The battle began over a barn roof. After 10 years of marital bliss, (I mean a truly wonderful marriage) Theresa and I were at loggerheads. It seemed hopeless.
Our daughter and family and we are razing three old barns to get the material to build a nice barn on our property. I don’t mind heights, so I was on top of the barn pulling off the metal roofing. I felt very safe. But the rest of the party saw my Parkinson’s instability and thought otherwise. Especially Theresa. “You are not going back on that roof,” was her directive. I was mad. She was mad because I wanted to.
As our good friends Steve and Kathrena pointed out, the roof was just the tip of the iceberg.
For my part, life has provided me with “you can’t do that” challenges. My first academic dean at DSU told me that stuttering would hinder my college education. Consider not graduating. At NNC, the academic dean said, “no school would hire me to coach and teach because of stuttering. So, along with feeling I was a flawed instrument, I had two significant people endorsing that feeling. Having to prove I was a capable person has been a life-long ball and chain around my leg.
So, here was Theresa telling me I couldn’t accomplish something.
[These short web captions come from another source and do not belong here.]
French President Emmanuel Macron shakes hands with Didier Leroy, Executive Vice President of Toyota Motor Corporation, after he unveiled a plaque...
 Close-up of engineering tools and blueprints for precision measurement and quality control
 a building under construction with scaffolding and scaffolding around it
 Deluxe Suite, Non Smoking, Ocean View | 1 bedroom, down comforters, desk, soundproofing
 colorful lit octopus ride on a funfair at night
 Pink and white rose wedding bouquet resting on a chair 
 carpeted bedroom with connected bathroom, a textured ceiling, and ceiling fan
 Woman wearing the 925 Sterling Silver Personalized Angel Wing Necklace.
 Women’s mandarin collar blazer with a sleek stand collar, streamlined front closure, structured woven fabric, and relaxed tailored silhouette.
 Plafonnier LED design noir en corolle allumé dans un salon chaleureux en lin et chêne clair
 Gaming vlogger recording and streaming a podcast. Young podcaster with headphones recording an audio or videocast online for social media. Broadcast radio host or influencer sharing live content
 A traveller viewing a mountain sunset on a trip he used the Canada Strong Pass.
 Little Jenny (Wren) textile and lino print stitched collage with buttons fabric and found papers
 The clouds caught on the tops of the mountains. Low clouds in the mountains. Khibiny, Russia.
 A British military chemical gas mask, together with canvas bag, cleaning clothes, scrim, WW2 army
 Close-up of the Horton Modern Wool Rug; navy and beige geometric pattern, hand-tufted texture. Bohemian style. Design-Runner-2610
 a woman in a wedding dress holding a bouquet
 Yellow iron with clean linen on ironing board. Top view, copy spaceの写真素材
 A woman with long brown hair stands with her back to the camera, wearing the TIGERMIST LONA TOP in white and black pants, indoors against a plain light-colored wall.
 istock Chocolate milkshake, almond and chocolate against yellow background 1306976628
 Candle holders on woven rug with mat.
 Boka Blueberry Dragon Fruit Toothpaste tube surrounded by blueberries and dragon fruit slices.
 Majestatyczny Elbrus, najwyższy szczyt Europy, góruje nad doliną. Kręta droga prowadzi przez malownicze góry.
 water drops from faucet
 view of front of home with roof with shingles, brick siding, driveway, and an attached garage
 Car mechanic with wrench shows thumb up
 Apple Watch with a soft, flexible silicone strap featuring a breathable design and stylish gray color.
Thus, she sees me as one who will do what he wants to do ( very self-centered)- no matter her feelings and that made her furious. I won’t go into her life details, but to say that fear has been an achilles heel for her all of her life. We were both stuck in our emotional do-do.
One fateful but freeing experience occurred as we shared with our daughter and husband. I asked them if they saw me as very selfish. After a short pause, Keith said, “Your wife is empty. You’re so busy with rock work and the other work that you enjoy, that you’re not filling her emotional tank.” Or words to that effect that hit me like a ton of bricks.
That experience has been a turn-around for me, as I’ve quit pointing the finger at Theresa and focused on me.. on my sin. My prayer became, “God , change my heart. I don’t want some surface behavioural change - doing the right things for her, I want a whole new perspective on her and on my relationship with her.”
I began to focus on how valuable a treasure she is to me and how I needed (and wanted) to protect and nourish that treasure.The results have been amazing, not perfect but to me, incredible.